Tony’s Tantrum: After Hindu-Led Prayer In Senate, FRC President Perkins Boosts Bigotry In U.S. Government

July 13, 2007

The flap over the first prayer offered by a Hindu in the U.S. Senate continues. We wrote yesterday about the event being disrupted by three Religious Right protestors, who taunted Rajan Zed as he began his invocation. The two women and one man begged Christ’s forgiveness for “allowing a prayer of the wicked” and shouted that Zed’s offering was an “abomination.” The prayer was interrupted three times before the protestors were removed by the sergeant-at-arms. 

Now, the leader of the Religious Right’s most prominent voice in Washington says it’s “inappropriate” for anyone other than a Christian or Jew to offer the legislature’s opening prayer. Family Research Council President Tony Perkins wrote in today’s e-mail to supporters that Zed enjoys religious freedom in this country, “but does that mean it is appropriate for him to open the nation’s highest elected body in prayer? I think not.”

Perkins continued, “No one can legitimately challenge the fact that the God America refers to in the pledge, our national motto, and other places is the monotheistic God of the Jewish and Christian faith. I seriously doubt that Americans want to change the motto, ‘In God We Trust’… to ‘In gods We Trust.’ That is essentially what the United States Senate did today.”

Interestingly, the invocation – addressed to the “Deity Supreme” — seemed both monotheistic and largely non-sectarian. This fact was either lost on or ignored by Perkins because the fact that a Hindu was invited to participate as an equal in his government’s proceedings undermines the Religious Right’s view that America is a “Christian nation.”

Indeed, Religious Right activists cling to the fact that the first Congress hired chaplains, who in Perkins’ opinion, were selected to seek “divine direction for the leaders of a nation that had staked its future on principles of the Jewish and Christian scriptures.” It disregards the fact that our Founders took affirmative steps to preserve religious equality in our earliest statutes.

In 1779, for example, the Virginia legislature foiled an attempt to mention “Jesus Christ, the holy author of our religion” in the preamble of the Statute for Religious Freedom. Thomas Jefferson, the bill’s author, later recounted that “the insertion was rejected by a great majority, in proof that they meant to comprehend within the mantle of its protection the Jew and the Gentile, the Christian and Mahometan, the Hindoo and infidel of every denomination.”

The Religious Right’s attitude towards religious diversity in public life is deeply troubling. Its leaders’ reaction to yesterday’s prayer makes clear that they are only concerned about their faith getting more attention in the public square.

Perkins’ comments are especially troubling because they suggest the Religious Right is becoming more theocratic than ever. The FRC condemned the first Hindu-led prayer in the U.S. House of Representatives seven years ago. “[W]hile it is true that the United States of America was founded on the sacred principle of religious freedom for all,” the group’s statement said, “that liberty was never intended to exalt other religions to the level that Christianity holds in our country’s heritage.” “Our Founders,” it concluded, “would have found utterly incredible the idea that all religions, including paganism, be treated with equal deference.”

But Ken Connor, who took the helm of the FRC just afterward, was clearly embarrassed by the overt bigotry.
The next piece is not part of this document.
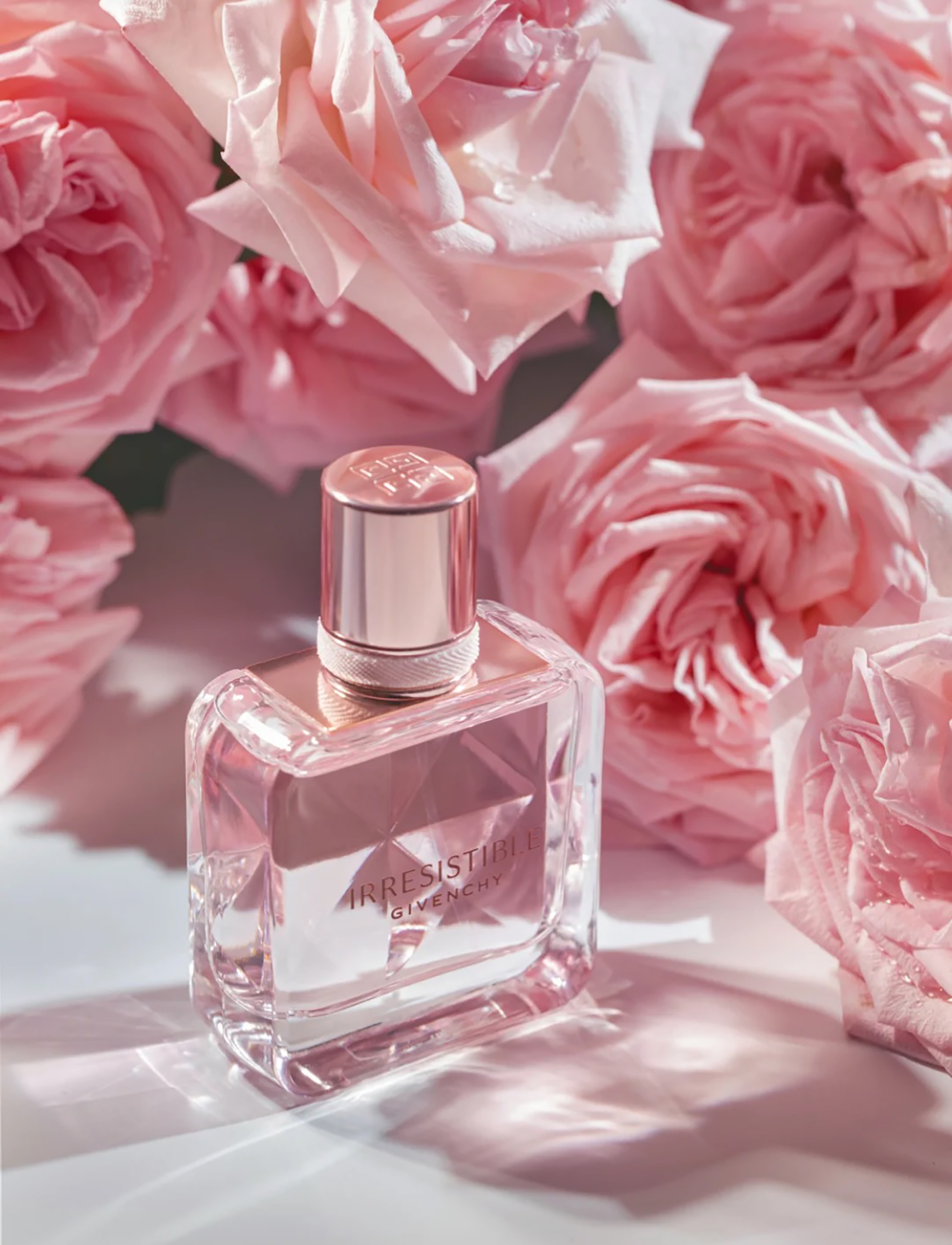 2021七夕大牌口红礼盒推荐,七夕口红3ce小样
He clarified the group’s position after Americans United released the biased FRC statement to national media and he was barraged with questions from an outraged news media. “We affirm the truth of Christianity,” the new statement read, “but it is not our position that America’s Constitution forbids representatives of religions other than Christianity from praying before Congress. We recognize that decisions on this matter are the prerogative of each house of Congress.” 

Perkins, in contrast, has given no indication he plans to clarify his position.   

This week’s flap over the Hindu-led prayer in the Senate is another example of why government meetings should not open with prayers. If they are going to, however, they must be nonsectarian and should reflect the diversity of the American people.

Remember, Tony, “the nation’s highest elected body” belongs to all of us.